Unified analysis of streaming news

Unified analysis of streaming news by Amr Ahmed, Qirong Ho, Jacob Eisenstein, and, Eric Xing Carnegie Mellon University, Pittsburgh, USA, and Alexander J. Smola and Choon Hui Teo of Yahoo! Research, Santa Clara, CA, USA.

News clustering, categorization and analysis are key components of any news portal. They require algorithms capable of dealing with dynamic data to cluster, interpret and to temporally aggregate news articles. These three tasks are often solved separately. In this paper we present a unified framework to group incoming news articles into temporary but tightly-focused storylines, to identify prevalent topics and key entities within these stories, and to reveal the temporal structure of stories as they evolve. We achieve this by building a hybrid clustering and topic model. To deal with the available wealth of data we build an efficient parallel inference algorithm by sequential Monte Carlo estimation. Time and memory costs are nearly constant in the length of the history, and the approach scales to hundreds of thousands of documents. We demonstrate the efficiency and accuracy on the publicly available TDT dataset and data of a major internet news site.

From the article:

Such an approach combines the strengths of clustering and topic models. We use topics to describe the content of each cluster, and then we draw articles from the associated story. This is a more natural fit for the actual process of how news is created: after an event occurs (the story), several journalists write articles addressing various aspects of the story. While their vocabulary and their view of the story may differ, they will by necessity agree on the key issues related to a story (at least in terms of their vocabulary). Hence, to analyze a stream of incoming news we need to infer a) which (possibly new) cluster could have generated the article and b) which topic mix describes the cluster best.
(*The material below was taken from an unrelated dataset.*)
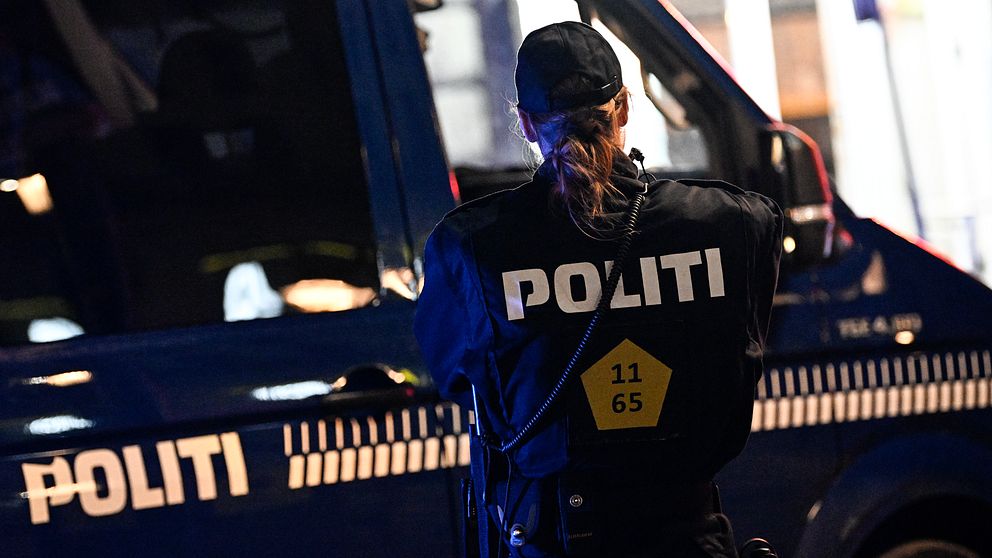 Polis i uniform står med ryggen mot kameran vid en blå polisiär bil, med ordet ”POLITI” synligt på både bilen och uniformen.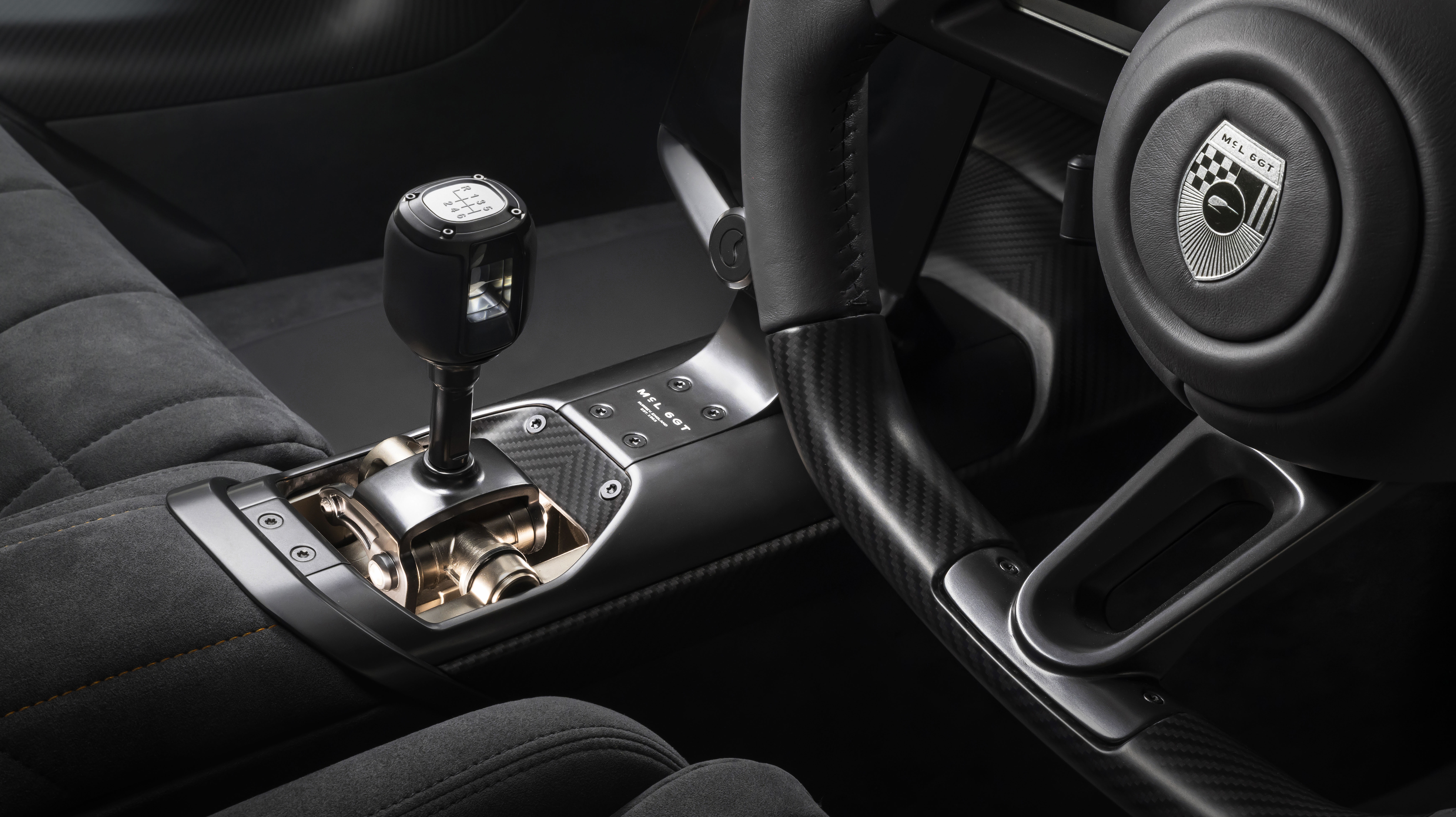 Interior de carro esportivo com câmbio manual de seis marchas e ré, alavanca preta e base dourada exposta. Volante multifuncional com acabamento em fibra de carbono e emblema Mil.ot no centro. Bancos em alcântara cinza com costura laranja. Detalhes em preto e prata, criando um ambiente sofisticado e tecnológico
I single out that part of the paper to remark that at first the authors say that the vocabulary for a story may vary and then in the next breath say that for key issues the vocabulary will agree on key issues.

Given the success of their results, it may be that news reporting is more homogeneous in its vocabulary than other forms of writing?

Perhaps news compression where duplicated content is suppressed but the “fact” of reportage is retained, that could make an interesting topic map.